Lutte contre la corruption : un projet gouvernemental ambitieux sur le papier

Karolína Peake, photo: CTK

Parmi les dix priorités du gouvernement pour ses deux prochaines et dernières années d’exercice du pouvoir, la lutte contre la corruption figure en bonne place. Et si l’on est tenté d’émettre des doutes sur la capacité ou la volonté de la coalition gouvernementale à endiguer cette calamité au vue de ses antécédents, le projet présenté mardi par la vice-premier ministre semble toutefois complet et ambitieux.

Karolína Peake,  photo: CTK
Roman Pekárek, David Rath, Vladimír Šiška… autant de noms qui résonnent comme autant de scandales politico-financiers ayant rythmé l’année 2012. Classée en 54e position des pays du monde en termes de perception de la corruption, la République tchèque perd des dizaines de milliards de couronnes chaque année du fait de ce fléau : directement via l’argent public détourné et indirectement car certaines entreprises renoncent à y investir. Et le gouvernement semble s’être décidé à prendre le taureau par les cornes si l’on en croit la vice-premier ministre Karolína Peake (LIDEM), qui a présenté mardi le plan gouvernemental anti-corruption et concédé que les annonces faites jusque là n’avaient pas été concrétisées dans la loi :

« Nous nous dirigeons vers des règles bien plus rigoureuses dans le cadre du financement des partis politiques, avec par exemple une demande de transparence obligatoire au niveau de leur budget pour toute comptabilité, quelle que soit la campagne électorale, une obligation de publication de ces budgets sur les sites internet des partis et ainsi de suite… »
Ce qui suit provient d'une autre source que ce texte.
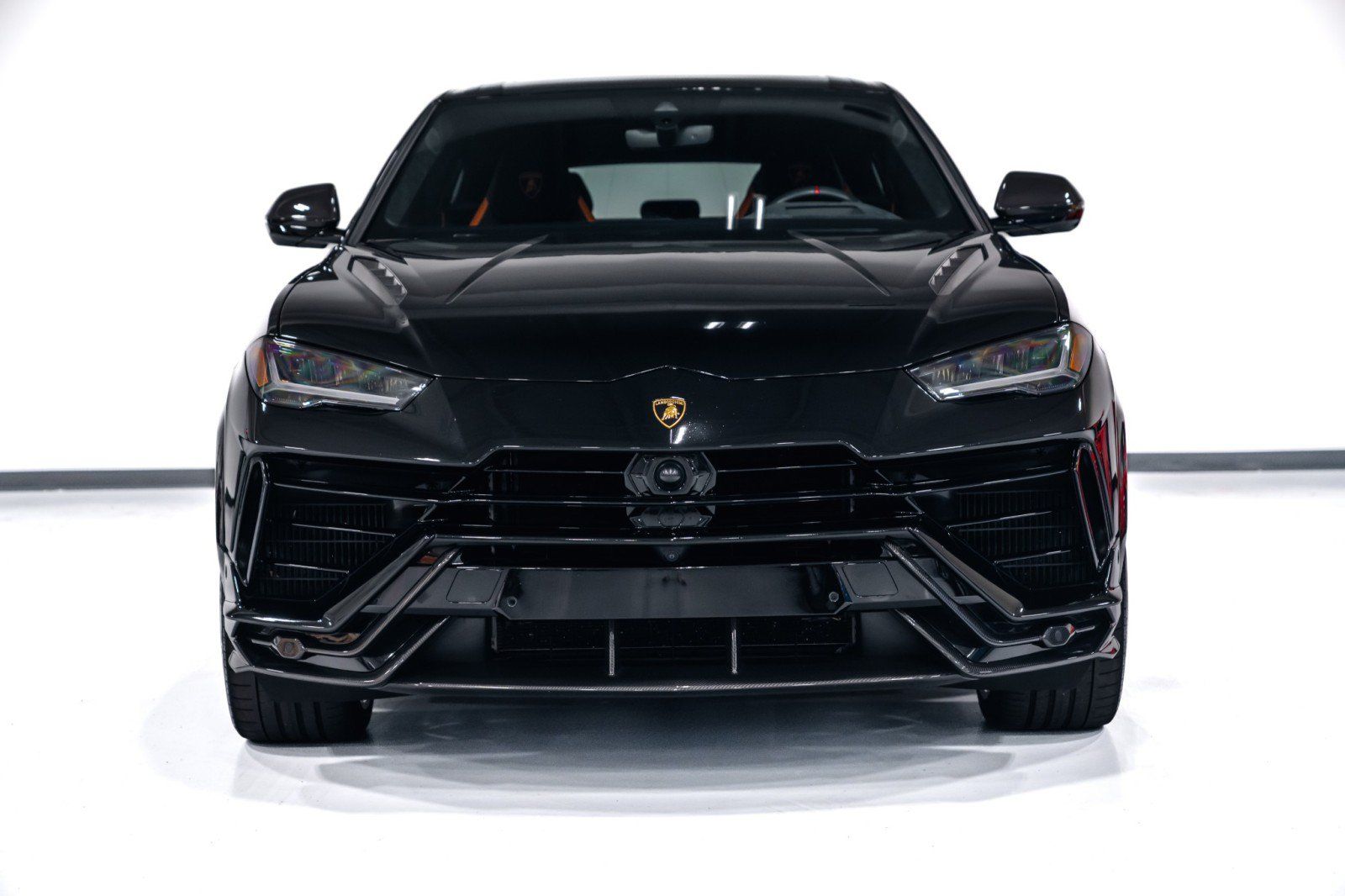 Used 2024 Lamborghini Urus Performante AWD/4WD image 3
La structuration actuelle des partis politiques et les liens rapprochés entretenus avec les administrations publiques seraient deux facteurs permettant à la corruption de proliférer selon le projet présenté, ce que confirme en substance Radim Bureš, chef de projet pour Transparency international :

Radim Bureš,  photo: CTK
« Le problème en République tchèque n’est pas celui de citoyens qui devraient glisser des petites enveloppes dans la poche de petits fonctionnaires. Le problème est plutôt celui d’une grande corruption organisée axée sur l’utilisation abusive de fonds publics. »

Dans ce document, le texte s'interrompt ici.